Epidermal growth factor receptor (EGFR) tyrosine kinase inhibitors (TKIs) are the preferred treatment option for patients with advanced non-small cell lung cancer (NSCLC) who have mutations in the EGFR gene. These drug-sensitive mutations are found in about 10 percent of Western patients and almost 50 percent of Asian patients with NSCLC. However, a majority of patients with advanced NSCLC worldwide do not have tumors with these mutations (known as wild-type [WT]; no mutation detected within the gene). Studies have shown that TKI treatment is better than conventional chemotherapy in terms of progression-free survival (PFS) among patients with these EGFR mutations; it is not clear that EGFR TKIs are as effective as standard chemotherapy in patients without EGFR mutations, according to background information in the article
June-Koo Lee, M.D., of Seoul National University Hospital, Seoul, Republic of Korea, and colleagues performed a meta-analysis of randomized controlled trials that compared first-generation EGFR TKI (erlotinib and gefitinib) treatment with conventional chemotherapy in patients with advanced NSCLC without mutation of the EGFR gene. The authors identified 11 randomized controlled trials, with 1,605 patients with WT EGFR, which met criteria for inclusion in the meta-analysis.
The results indicated that chemotherapy was associated with longer PFS compared with EGFR TKI in patients with WT tumors. For a median (midpoint) PFS of 6.4 months in patients treated with standard chemotherapy, the corresponding reduction of PFS in patient receiving EGFR TKI would be 1.9 months.
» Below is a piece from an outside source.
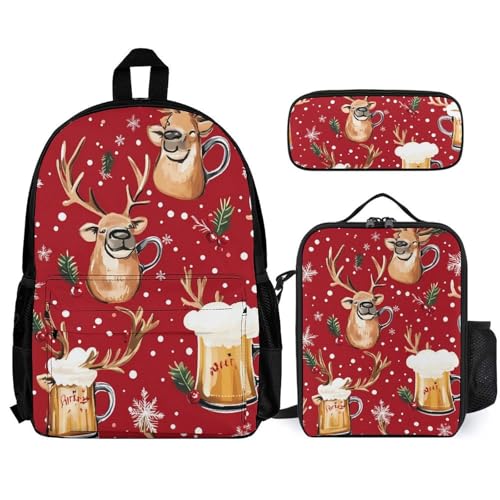 Beer Mugs Reindes Red Christmas Backpack 3 Set with Lunch Bag Insulated Shoulder Meal Tote Bags Pencil Case Box Casual Daypack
The objective response rate (defined as the proportion of complete response and partial responses among all evaluable patients) was also higher with chemotherapy (92/549, 16.8 percent) compared with TKI (39/540, 7.2 percent). However, the overall survival did not differ between the two groups.
"... this study suggests that, in patients with WT EGFR tumors, conventional chemotherapy could be a preferable treatment option over EGFR TKI, although this recommendation cannot be conclusive because the overall comparisons were not based on randomization. Furthermore, the toxicity outcome was not assessed," the authors write.